Expert on TAIPEI Act: The U.S. maintains 'strategic ambiguity' towards Taiwan issue

The "Taiwan Allies International Protection and Enhancement Initiative (TAIPEI) Act of 2019", expressing Washington's support for Taiwan in strengthening relationships with countries around the world, was signed into law by U.S. President Donald Trump.

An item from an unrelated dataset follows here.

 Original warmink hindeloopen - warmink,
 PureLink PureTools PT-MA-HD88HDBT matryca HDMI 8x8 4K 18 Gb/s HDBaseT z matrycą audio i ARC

Dr. Xue Chen, research fellow of Shanghai Institutes for International Studies, pointed out that the TAIPEI Act is actually a part of series of legislatures made by the U.S. Congress from 2016 to 2019. It iterated quite clearly that the United States supports Taiwan for participation in international organizations without requirement of statehood, which nevertheless means the consensus reached between China and the U.S. since the establishment of bilateral diplomatic relationship now has been terminated. Thereby, "we're now sailing into an unknown sea".

He also added with the confrontation between the TAIPEI Act and the Anti-Secession Law passed in 2005 by Chinese legislature, the consequences brought by the TAIPEI Act are still unknown. Fear and uncertainty can unleash an "aggressive impulse", which would be a very unfortunate "downward spiral" in the future.


He also pointed out that on the one hand, the U.S. is reducing the cost of military presence in the Asia-Pacific, but on the other hand, their legislation is supporting the U.S. presence to import more resources into this region for a possible confrontation not only at the level of diplomacy but also in other arenas.

China deplores and rejects the TAIPEI Act as it severely violates the one-China principle and the three China-U.S. joint communiques, Foreign Ministry spokesperson Geng Shuang said on Friday at a regular press conference.

Rick Dunham, visiting scholar at Tsinghua University, pointed out that ever since it decided to embrace the one-China principle in the 1970s, the United States has been at least on record in favor of this principle, but actually it maintains a policy of "strategic ambiguity" which means the U.S. on the one hand admits one-China but on the other hand supports Taiwan to act autonomously.